Task instructions –
Taking the data below, please print only the lines from the line holding "Image 4 of lyane_xx" to the line holding "Hotel Alle Alpi Моэна Экстерьер фото", inclusive, with pictures omitted.

Records for this exercise –
┄┄┄┄┄┄┄┄┄┄
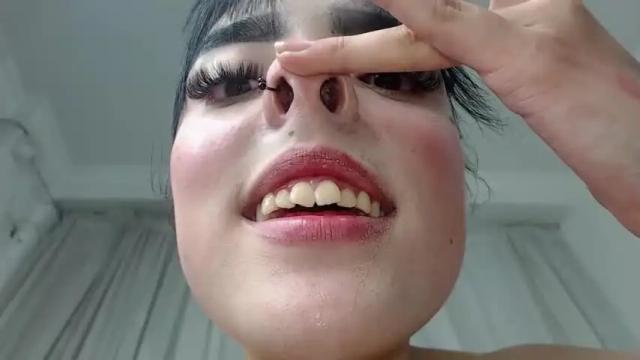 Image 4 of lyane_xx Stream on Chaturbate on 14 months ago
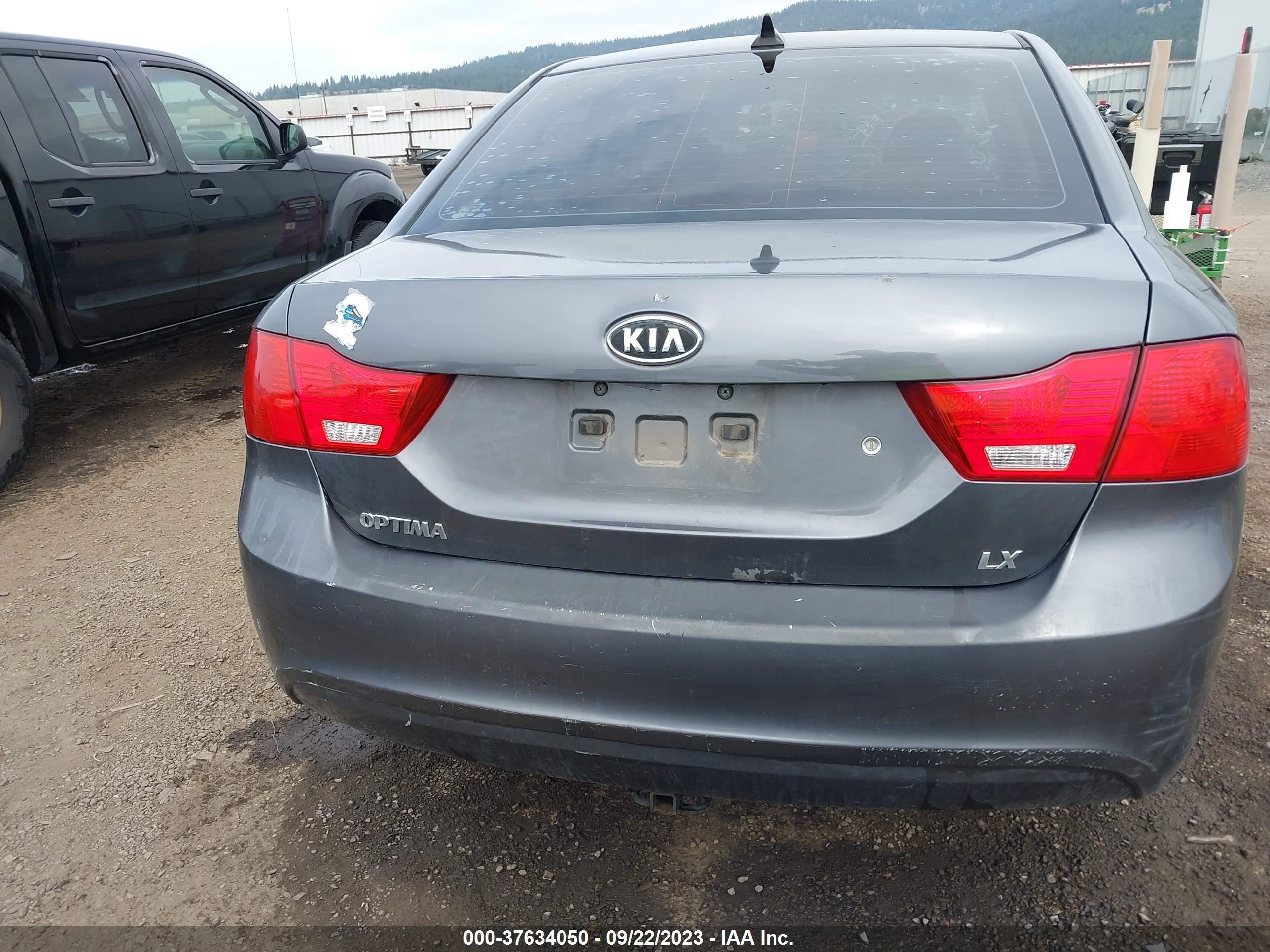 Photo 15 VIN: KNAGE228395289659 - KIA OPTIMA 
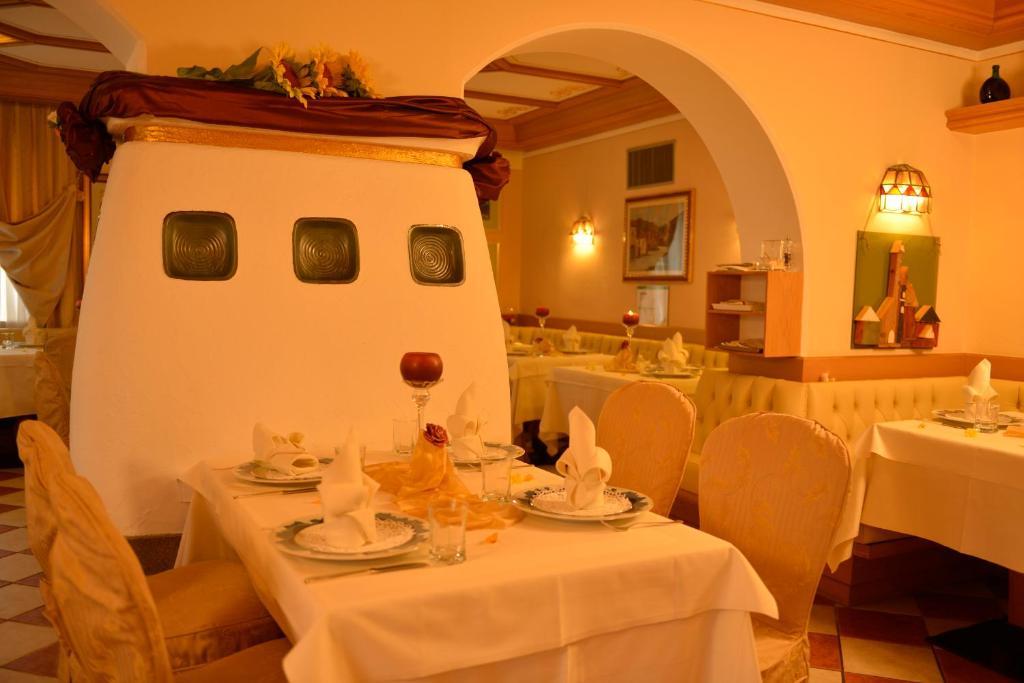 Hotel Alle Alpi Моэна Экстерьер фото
┄┄┄┄┄┄┄┄┄┄
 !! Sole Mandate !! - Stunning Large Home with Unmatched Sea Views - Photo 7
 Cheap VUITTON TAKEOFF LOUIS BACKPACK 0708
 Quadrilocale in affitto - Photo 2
┄┄┄┄┄┄┄┄┄┄
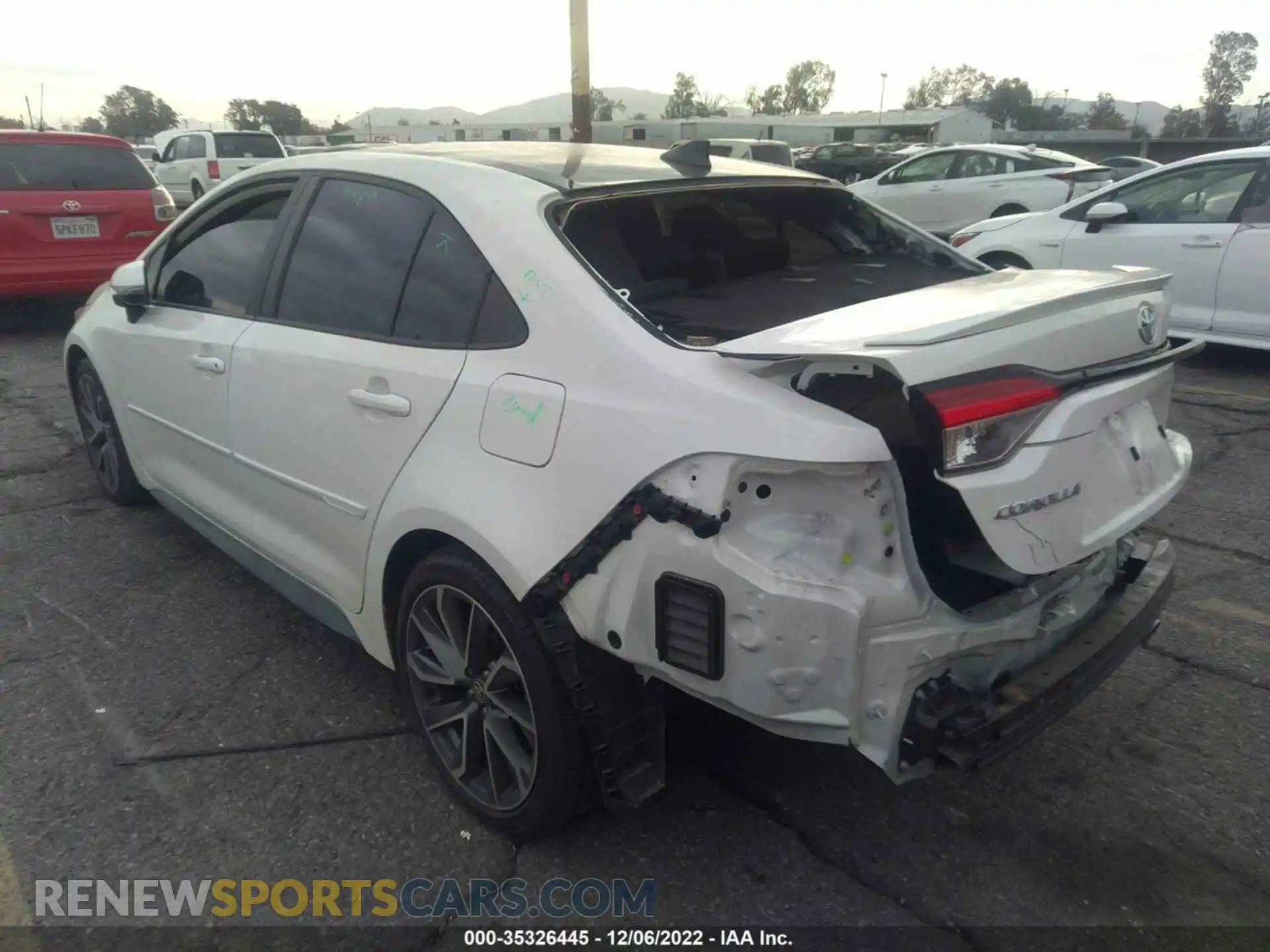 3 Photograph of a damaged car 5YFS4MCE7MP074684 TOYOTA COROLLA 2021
┄┄┄┄┄┄┄┄┄┄
Exercise output –
 Image 4 of lyane_xx Stream on Chaturbate on 14 months ago
 Photo 15 VIN: KNAGE228395289659 - KIA OPTIMA 
 Hotel Alle Alpi Моэна Экстерьер фото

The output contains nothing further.